いつもの通りの満員電車。 今日は幸い早くから座れて、ちょっとうとうとしていた。 治安の悪い国の人には、きっと信じられないだろう無防備さで。

何度目かに目を覚ましたときのこと。 何となく見た床に、水滴(?)が落ちたらしい跡が有った。 小さな小さな水たまり。 雨? …じゃないよな、誰も傘を持ってないし。 なんて思っているうちに、またポタリと一滴。

水源が気になって顔を上げると、目の前には新聞を広げたサラリーマン風が立っていて、その向こうがどうなっているのか判らない。 水滴は、このサラリーマン風と、その後ろに立つジーンズに女物の靴の間に落ちている。

空調の結露だろうか。 新聞越しに空調は見えるが、そこから水滴が垂れてくる様子は無い。 それに、空調からの水滴だったらもっと立っている人が反応しそうなものだが。

そんなことを考えながら、定期的に落ちてくる滴を眺めていたら、電車が笹塚について、人がごっそりと降りていった。 俺の前に立っていたサラリーマン風も。 その後ろにいた、ジーンズに女物の靴の人はそのまま。

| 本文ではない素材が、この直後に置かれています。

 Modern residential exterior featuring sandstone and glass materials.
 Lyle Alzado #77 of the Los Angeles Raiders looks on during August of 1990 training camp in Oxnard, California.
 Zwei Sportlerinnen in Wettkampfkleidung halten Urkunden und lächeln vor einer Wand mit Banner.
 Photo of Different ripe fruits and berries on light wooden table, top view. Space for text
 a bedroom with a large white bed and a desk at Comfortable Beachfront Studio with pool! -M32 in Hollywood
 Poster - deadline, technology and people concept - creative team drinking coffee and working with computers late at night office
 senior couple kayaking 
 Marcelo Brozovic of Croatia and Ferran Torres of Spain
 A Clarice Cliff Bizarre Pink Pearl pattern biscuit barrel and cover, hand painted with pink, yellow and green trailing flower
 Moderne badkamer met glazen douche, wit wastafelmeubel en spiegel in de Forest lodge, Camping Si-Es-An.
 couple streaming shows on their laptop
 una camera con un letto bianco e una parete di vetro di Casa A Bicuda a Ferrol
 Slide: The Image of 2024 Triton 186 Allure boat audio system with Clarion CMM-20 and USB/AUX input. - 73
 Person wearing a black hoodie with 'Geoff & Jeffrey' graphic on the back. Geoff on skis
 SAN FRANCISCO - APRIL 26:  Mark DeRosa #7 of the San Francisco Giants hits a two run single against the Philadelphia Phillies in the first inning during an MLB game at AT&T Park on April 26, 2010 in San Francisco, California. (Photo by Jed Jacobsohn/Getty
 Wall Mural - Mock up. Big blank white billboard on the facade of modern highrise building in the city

で、再度見上げると、ジーンズに女物の靴の人の髪が、ぐっしょり濡れていたのだった。 小太りの女のポニーテールが。 いや、ポニーテールというには、位置が下過ぎるか。 単に束ねただけの髪。 頭全体が濡れている訳ではなくて、その束ねた部分から先だけが濡れて、そこから定期的に、ぽたりぽたりと滴が落ちているのだった。

朝、洗った髪を乾かす暇がなくて、濡れたままで電車に乗ったんだろうか。 濡れた髪のままで満員電車に乗るのは、周囲には全くもって迷惑な話だが、可能性としてはこれが一番高い。 高いのだが。

彼女の束ねた髪の中にもう一つの顔が有る。 そっちの顔は人を食っている。 髪から垂れる滴は、その顔が 「美味そうな人がたくさんいる!」 なんて垂らしている涎。

その時、その濡れた髪を見ながら、そんなことを想像してしまったのだった。 で、 「ああ、だから小太りなのか」 なんて失礼極まりない納得までしてしまったのだった。

ごめんなさい。 どこの誰かは知らないけれど。